Short text fragments from websites:
Start of Block

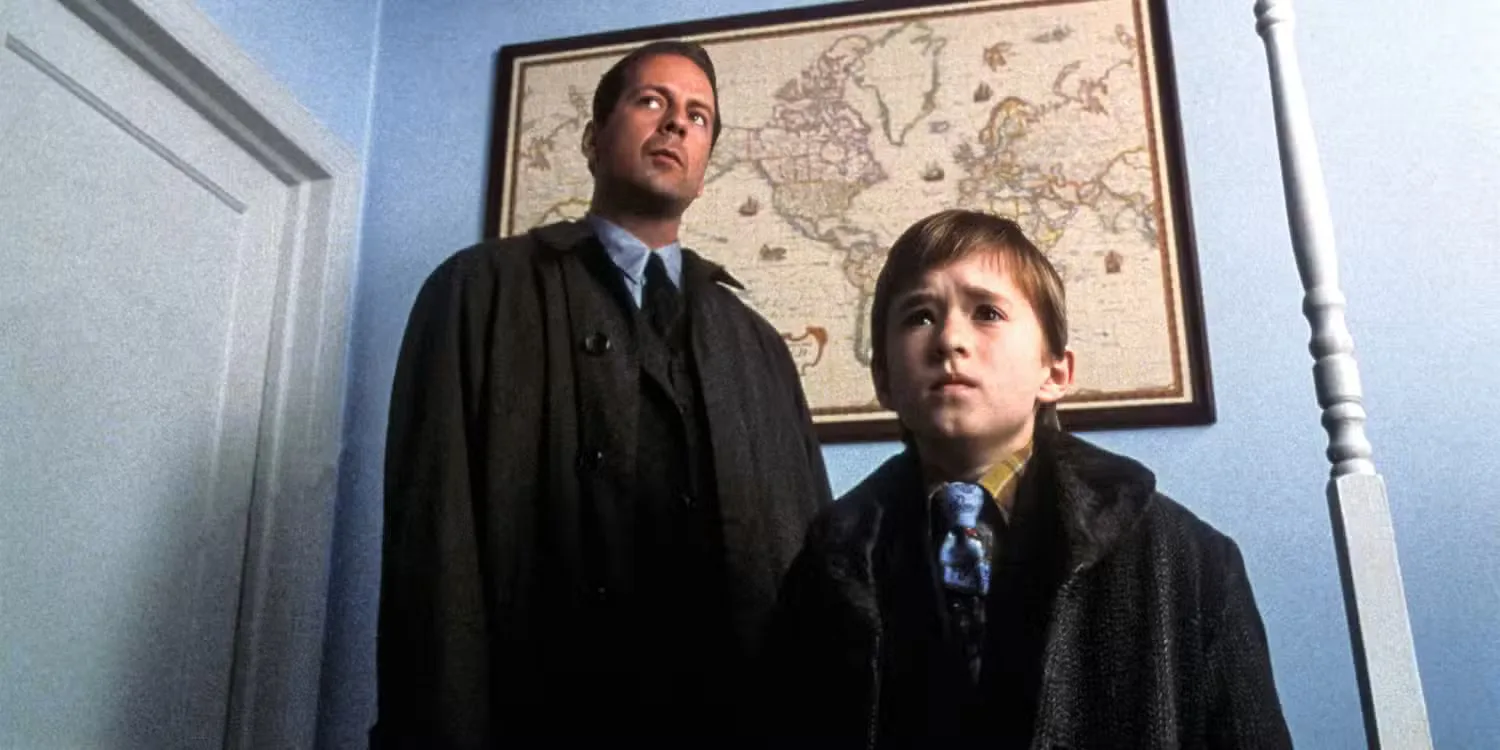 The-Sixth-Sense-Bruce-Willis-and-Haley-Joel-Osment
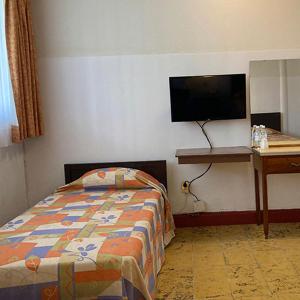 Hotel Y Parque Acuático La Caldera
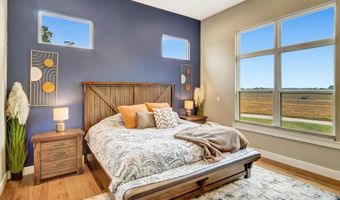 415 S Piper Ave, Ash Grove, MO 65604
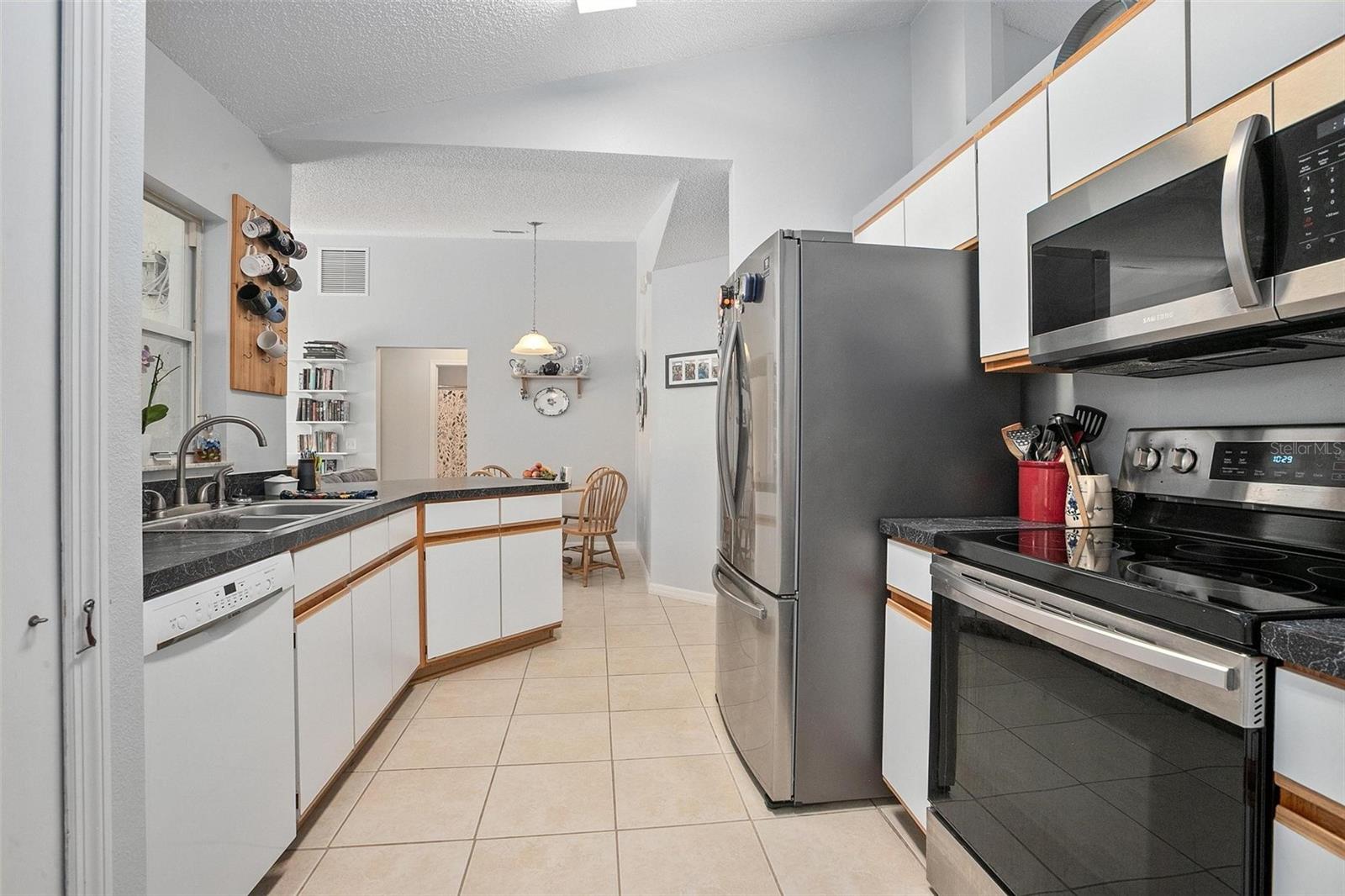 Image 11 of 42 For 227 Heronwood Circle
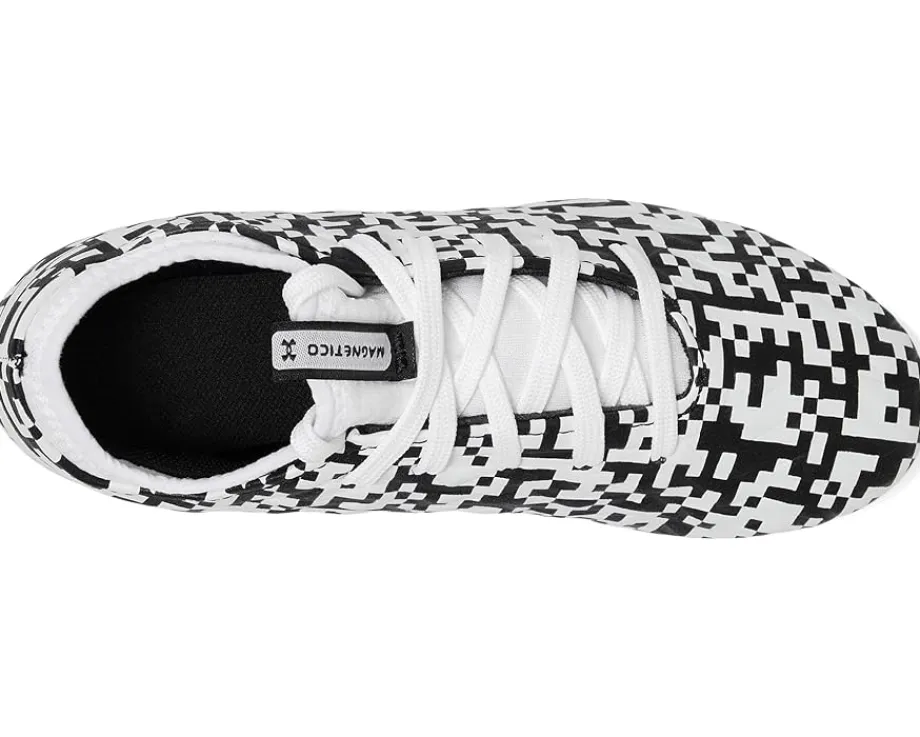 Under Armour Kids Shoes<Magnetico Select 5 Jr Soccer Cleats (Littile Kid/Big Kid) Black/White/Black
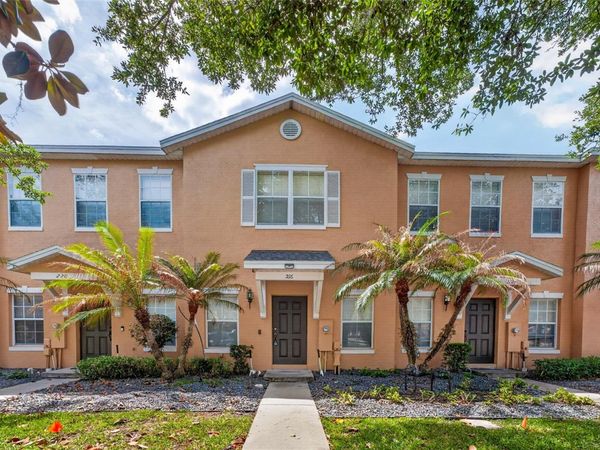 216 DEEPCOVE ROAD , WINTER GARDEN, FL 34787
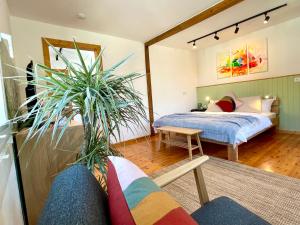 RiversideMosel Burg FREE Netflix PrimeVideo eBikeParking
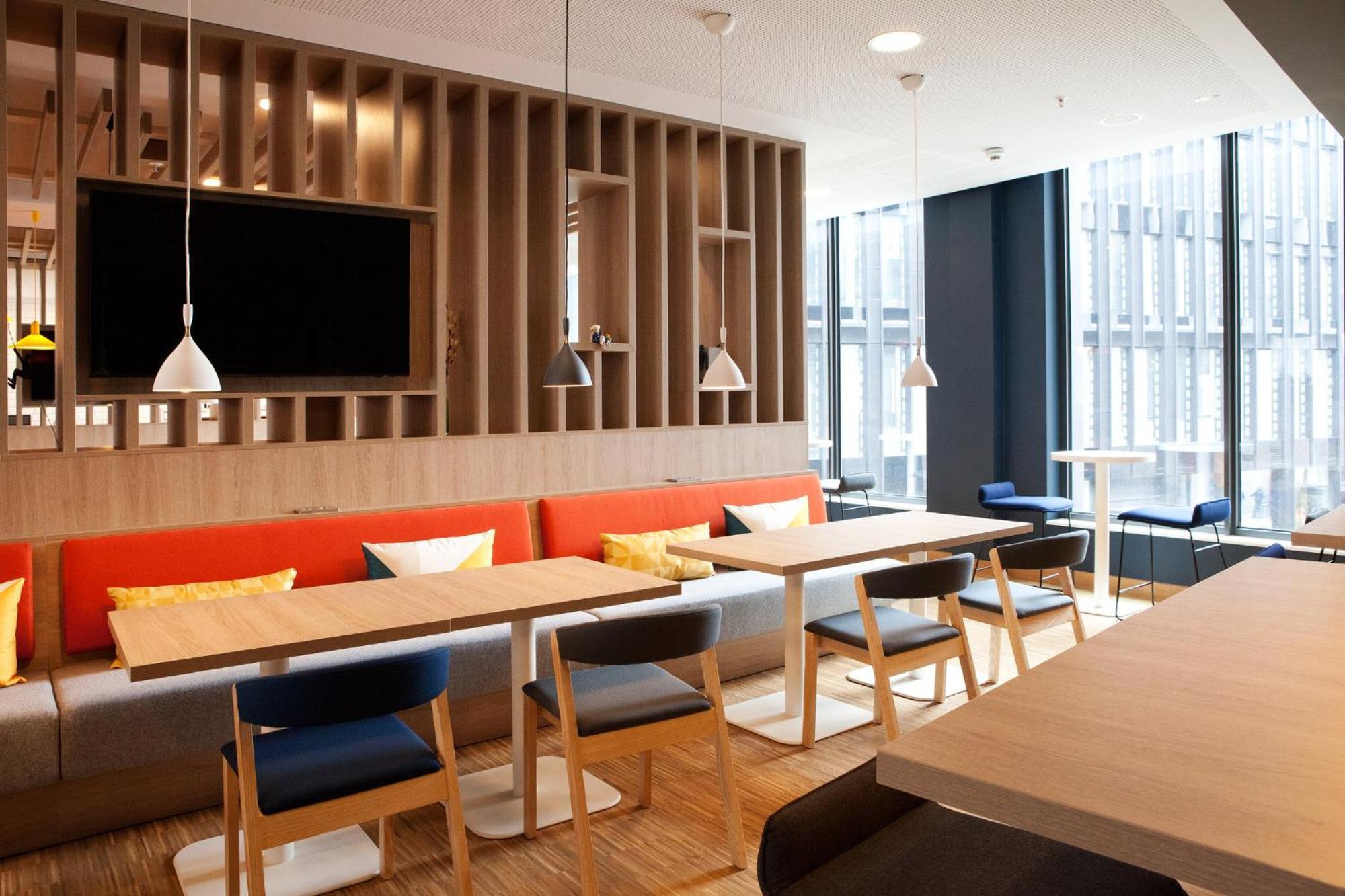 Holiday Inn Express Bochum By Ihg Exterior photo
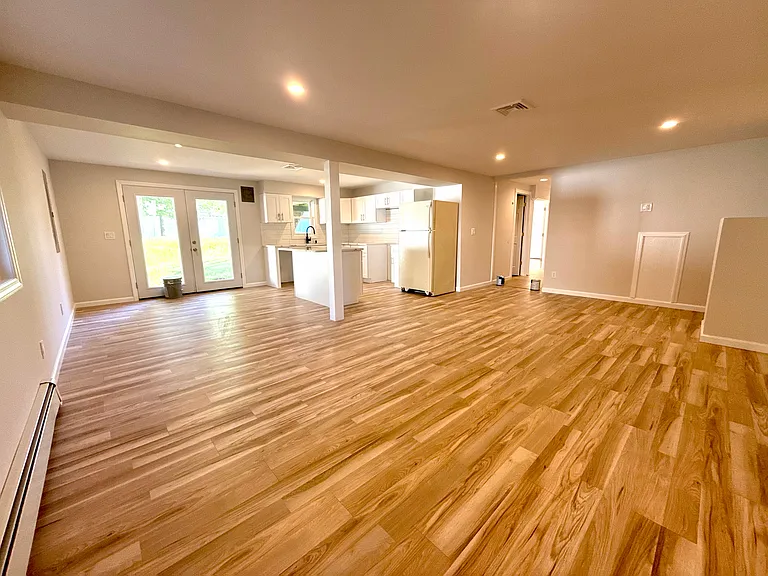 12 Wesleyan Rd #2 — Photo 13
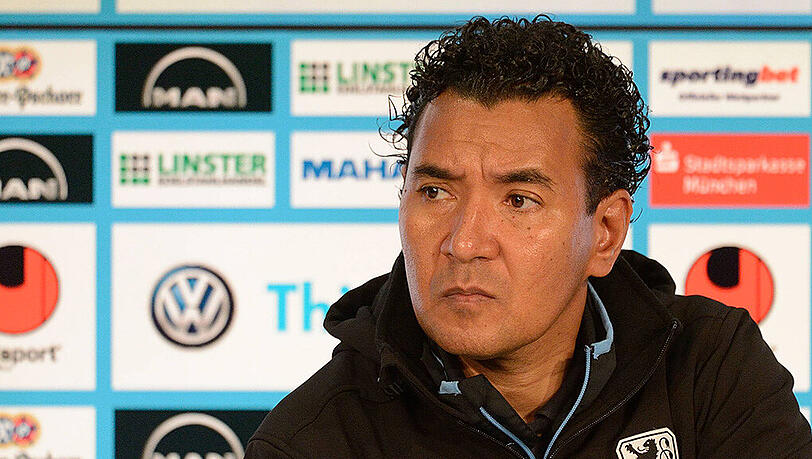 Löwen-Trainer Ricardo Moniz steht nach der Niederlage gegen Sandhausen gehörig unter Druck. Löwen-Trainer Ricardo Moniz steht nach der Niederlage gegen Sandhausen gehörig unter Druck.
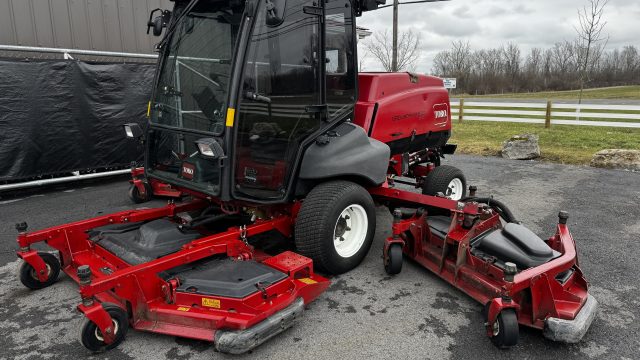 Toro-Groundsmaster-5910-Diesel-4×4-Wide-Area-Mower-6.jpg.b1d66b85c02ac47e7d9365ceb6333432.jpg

End of Block

* **Exercise requirements**
Of the lines above, copy only those from the one holding "Under Armour Kids" to the one holding "Holiday Inn Express", both included, and exclude every image.

* **Result**
 Under Armour Kids Shoes<Magnetico Select 5 Jr Soccer Cleats (Littile Kid/Big Kid) Black/White/Black
 216 DEEPCOVE ROAD , WINTER GARDEN, FL 34787
 RiversideMosel Burg FREE Netflix PrimeVideo eBikeParking
 Holiday Inn Express Bochum By Ihg Exterior photo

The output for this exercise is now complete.